Except that creating content that people actually want to consume — that’s fresh, informative, useful, well-presented, moderately entertaining, not totally self-serving, consistent and delivered often enough that prospective customers want to keep coming back — is hard.
A few good blog posts certainly aren’t difficult to produce, neither is a good video. Either will feed the maw of the content beast for about a week. And then...? What about next week? Next month? Next year? Where will the ideas come from? Who'll produce everything? Who’ll distribute it over all our various channels? Who’ll field questions and manage social media? And above all: how will we pay for it all???
It’s the failure to come to terms with these sorts of questions that causes so many promising content marketing initiatives to crash and burn. However it is possible to have a quality, ongoing content marketing program that won’t break the bank, require you to build your own TV studio or staff an entire online magazine. Success in content marketing is all about picking tactics and being careful about where you apply your resources. Here are a few tips to get you going:
1. Start with a solid content strategy. Decide what the best use of your energy is and don’t worry about covering every channel (at least at first). Pick the ones your customers are most likely to use and focus on them. If your product is visual, make images and video the center of your effort. If the product is technical, blog about it, do live events or webinars. You can still have a presence on all those other channels, you’ll just use them to drive audiences to the tactics you do well.
2. Enlist the help of the organization. Trained, dedicated communicators produce the most polished and effective content. But let’s face it, an organization can only afford so many of them. Which means the lion’s share of your content is going to have to come from the rest of the organization. That’s going to mean two things. First, a shift in your company’s culture, because in today’s media environment we’re all communicators. Second, your job description has just changed. You are now no longer just a professional communicator but a communications coach.
3. Relax the rules. Getting the rank and file of your organization involved in content generation is a project all its own. They’ll need practice and encouragement. Discourage perfectionism and let people be themselves on the blog or in front of the camera. Initial efforts will likely be stilted and self-conscious, but the good news is your audiences are more interested in authenticity and utility than they are in perfect grammar. You can’t produce a steady stream of content without making at least a few mistakes, especially at the start.

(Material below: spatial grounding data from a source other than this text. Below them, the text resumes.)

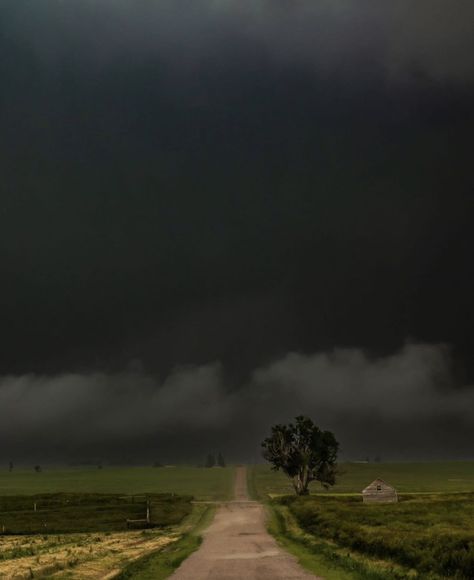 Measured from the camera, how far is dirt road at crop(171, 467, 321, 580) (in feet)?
100

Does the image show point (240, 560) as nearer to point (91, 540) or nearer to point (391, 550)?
point (391, 550)

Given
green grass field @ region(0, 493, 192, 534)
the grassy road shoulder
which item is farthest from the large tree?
the grassy road shoulder

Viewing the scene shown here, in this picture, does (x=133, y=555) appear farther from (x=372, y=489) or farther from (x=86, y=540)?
(x=372, y=489)

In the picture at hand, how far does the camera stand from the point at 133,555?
44.1 m

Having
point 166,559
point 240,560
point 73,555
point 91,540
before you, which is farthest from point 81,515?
point 240,560

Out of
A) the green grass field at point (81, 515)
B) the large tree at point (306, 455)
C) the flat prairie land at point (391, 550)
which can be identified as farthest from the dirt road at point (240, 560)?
the large tree at point (306, 455)

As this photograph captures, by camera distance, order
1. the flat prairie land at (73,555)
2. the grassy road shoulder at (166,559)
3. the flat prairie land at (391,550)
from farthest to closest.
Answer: the flat prairie land at (73,555)
the grassy road shoulder at (166,559)
the flat prairie land at (391,550)

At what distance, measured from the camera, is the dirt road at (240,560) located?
30500mm

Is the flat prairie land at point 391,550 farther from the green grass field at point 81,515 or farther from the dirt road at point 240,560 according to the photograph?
the green grass field at point 81,515

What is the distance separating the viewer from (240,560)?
37.3 m

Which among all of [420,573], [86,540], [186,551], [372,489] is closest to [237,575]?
[420,573]

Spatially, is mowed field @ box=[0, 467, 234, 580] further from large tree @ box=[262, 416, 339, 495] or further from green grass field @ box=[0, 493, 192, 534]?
large tree @ box=[262, 416, 339, 495]

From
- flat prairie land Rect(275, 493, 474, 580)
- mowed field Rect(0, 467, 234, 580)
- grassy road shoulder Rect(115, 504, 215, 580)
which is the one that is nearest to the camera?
flat prairie land Rect(275, 493, 474, 580)

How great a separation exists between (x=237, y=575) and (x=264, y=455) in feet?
363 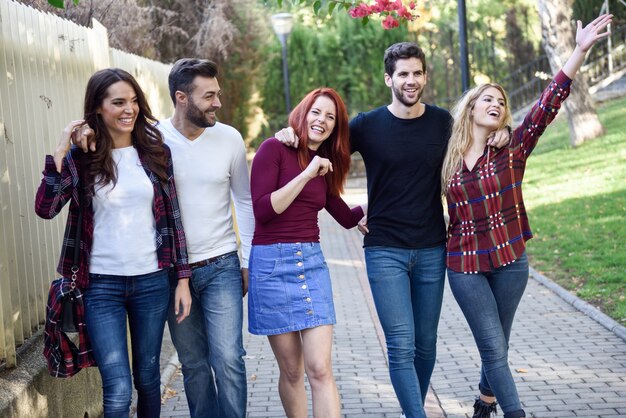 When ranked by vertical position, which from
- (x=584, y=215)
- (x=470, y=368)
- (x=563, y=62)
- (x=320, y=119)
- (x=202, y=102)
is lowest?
(x=470, y=368)

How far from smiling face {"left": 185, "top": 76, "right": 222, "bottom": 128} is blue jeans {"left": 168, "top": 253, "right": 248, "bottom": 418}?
666 mm

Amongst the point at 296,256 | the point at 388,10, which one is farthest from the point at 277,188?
the point at 388,10

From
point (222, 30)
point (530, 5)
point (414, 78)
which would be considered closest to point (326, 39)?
point (530, 5)

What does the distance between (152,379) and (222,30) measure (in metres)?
12.1

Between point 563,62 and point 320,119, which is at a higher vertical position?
point 563,62

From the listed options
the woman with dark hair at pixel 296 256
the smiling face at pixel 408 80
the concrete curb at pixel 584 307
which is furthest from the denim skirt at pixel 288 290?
the concrete curb at pixel 584 307

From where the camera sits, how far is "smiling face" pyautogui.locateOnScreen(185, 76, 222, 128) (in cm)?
443

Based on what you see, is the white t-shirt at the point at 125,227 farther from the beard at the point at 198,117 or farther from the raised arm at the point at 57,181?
the beard at the point at 198,117

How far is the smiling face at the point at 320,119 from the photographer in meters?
4.46

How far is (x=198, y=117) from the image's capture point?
14.6ft

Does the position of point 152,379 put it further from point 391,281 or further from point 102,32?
point 102,32

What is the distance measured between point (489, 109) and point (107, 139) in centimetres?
192

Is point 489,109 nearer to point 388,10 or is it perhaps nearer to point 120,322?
point 388,10

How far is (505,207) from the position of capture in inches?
187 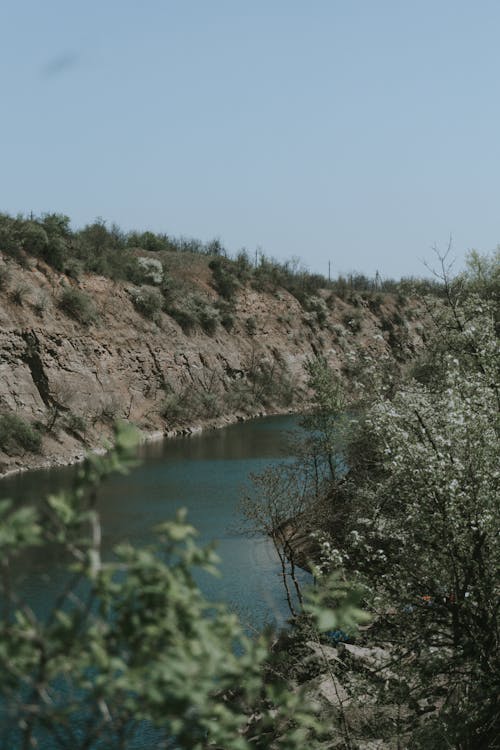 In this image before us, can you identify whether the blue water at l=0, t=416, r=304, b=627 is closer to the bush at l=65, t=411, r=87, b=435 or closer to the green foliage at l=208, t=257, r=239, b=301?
the bush at l=65, t=411, r=87, b=435

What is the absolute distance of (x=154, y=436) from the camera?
50.9 metres

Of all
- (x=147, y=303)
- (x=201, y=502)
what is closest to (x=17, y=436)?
(x=201, y=502)

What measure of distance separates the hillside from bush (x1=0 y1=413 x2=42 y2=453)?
0.05 metres

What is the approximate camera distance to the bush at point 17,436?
39719 millimetres

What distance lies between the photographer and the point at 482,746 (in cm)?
1041

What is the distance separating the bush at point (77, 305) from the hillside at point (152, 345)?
→ 65 millimetres

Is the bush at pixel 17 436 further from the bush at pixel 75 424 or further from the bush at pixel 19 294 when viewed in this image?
the bush at pixel 19 294

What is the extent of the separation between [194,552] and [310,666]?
12.5m

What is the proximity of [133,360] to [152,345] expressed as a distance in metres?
2.91

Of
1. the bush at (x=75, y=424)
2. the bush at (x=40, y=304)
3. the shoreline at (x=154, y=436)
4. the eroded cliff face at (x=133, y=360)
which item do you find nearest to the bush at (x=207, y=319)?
the eroded cliff face at (x=133, y=360)

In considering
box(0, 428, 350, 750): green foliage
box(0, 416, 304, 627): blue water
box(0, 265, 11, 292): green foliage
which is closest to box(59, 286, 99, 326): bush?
box(0, 265, 11, 292): green foliage

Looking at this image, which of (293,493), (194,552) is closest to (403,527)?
(194,552)

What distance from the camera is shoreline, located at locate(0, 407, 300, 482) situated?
39.3m

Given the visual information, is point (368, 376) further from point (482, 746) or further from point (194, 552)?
point (194, 552) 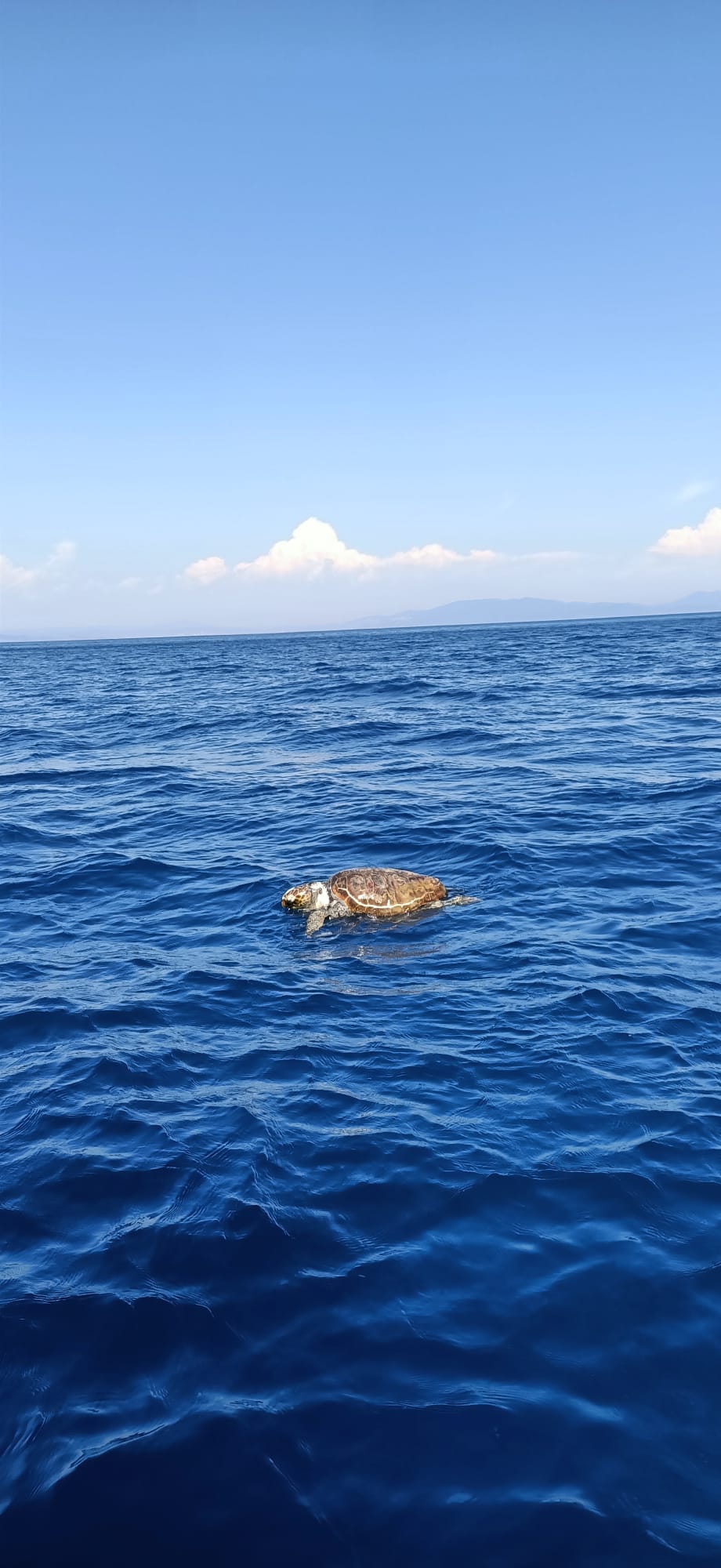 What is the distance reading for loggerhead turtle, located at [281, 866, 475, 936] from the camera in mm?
14156

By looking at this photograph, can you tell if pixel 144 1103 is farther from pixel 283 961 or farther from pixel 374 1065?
pixel 283 961

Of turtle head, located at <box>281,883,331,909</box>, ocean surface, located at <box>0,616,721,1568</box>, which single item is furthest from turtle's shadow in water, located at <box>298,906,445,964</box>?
turtle head, located at <box>281,883,331,909</box>

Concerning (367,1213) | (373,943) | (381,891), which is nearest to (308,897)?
(381,891)

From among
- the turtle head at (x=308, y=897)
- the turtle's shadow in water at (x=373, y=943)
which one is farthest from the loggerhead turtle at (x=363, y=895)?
the turtle's shadow in water at (x=373, y=943)

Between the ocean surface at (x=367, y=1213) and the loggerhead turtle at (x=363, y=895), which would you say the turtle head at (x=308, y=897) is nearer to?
the loggerhead turtle at (x=363, y=895)

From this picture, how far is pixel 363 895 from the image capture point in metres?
14.2

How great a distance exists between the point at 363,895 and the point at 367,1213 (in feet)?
23.0

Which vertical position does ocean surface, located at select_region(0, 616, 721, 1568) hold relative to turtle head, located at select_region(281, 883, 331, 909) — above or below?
below

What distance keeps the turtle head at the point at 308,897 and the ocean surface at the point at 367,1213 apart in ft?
1.22

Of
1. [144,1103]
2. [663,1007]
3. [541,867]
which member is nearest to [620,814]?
[541,867]

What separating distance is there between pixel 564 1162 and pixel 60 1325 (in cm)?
426

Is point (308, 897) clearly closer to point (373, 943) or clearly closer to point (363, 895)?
point (363, 895)

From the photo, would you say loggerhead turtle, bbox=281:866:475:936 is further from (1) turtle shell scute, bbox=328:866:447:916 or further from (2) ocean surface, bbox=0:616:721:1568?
(2) ocean surface, bbox=0:616:721:1568

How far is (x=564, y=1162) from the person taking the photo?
306 inches
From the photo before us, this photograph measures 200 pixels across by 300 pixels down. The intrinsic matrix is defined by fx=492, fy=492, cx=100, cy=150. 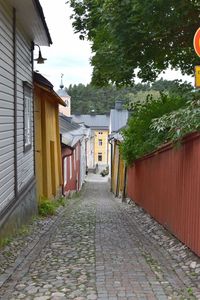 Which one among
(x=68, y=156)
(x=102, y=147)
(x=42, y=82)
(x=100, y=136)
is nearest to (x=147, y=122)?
(x=42, y=82)

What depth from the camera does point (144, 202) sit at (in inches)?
545

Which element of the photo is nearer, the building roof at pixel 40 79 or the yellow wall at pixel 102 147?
the building roof at pixel 40 79

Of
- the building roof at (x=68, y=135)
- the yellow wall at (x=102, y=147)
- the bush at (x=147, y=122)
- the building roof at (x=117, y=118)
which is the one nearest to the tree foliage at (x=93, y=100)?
the yellow wall at (x=102, y=147)

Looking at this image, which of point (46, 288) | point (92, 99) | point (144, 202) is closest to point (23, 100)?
point (144, 202)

4. Take the long view. Any content marketing initiative will take time to build an audience. The best way to get started is simply to start. Don’t wait for the perfect plan or perfect team to materialize. Everybody’s content is so-so at first, but even so-so content generates SEO. Six months or a year from now you’ll have a much better focus, a more developed methodology and a more distinctive voice. Good content marketing isn’t a single event but a habit, one that takes time to develop but that pays handsome dividends in the end.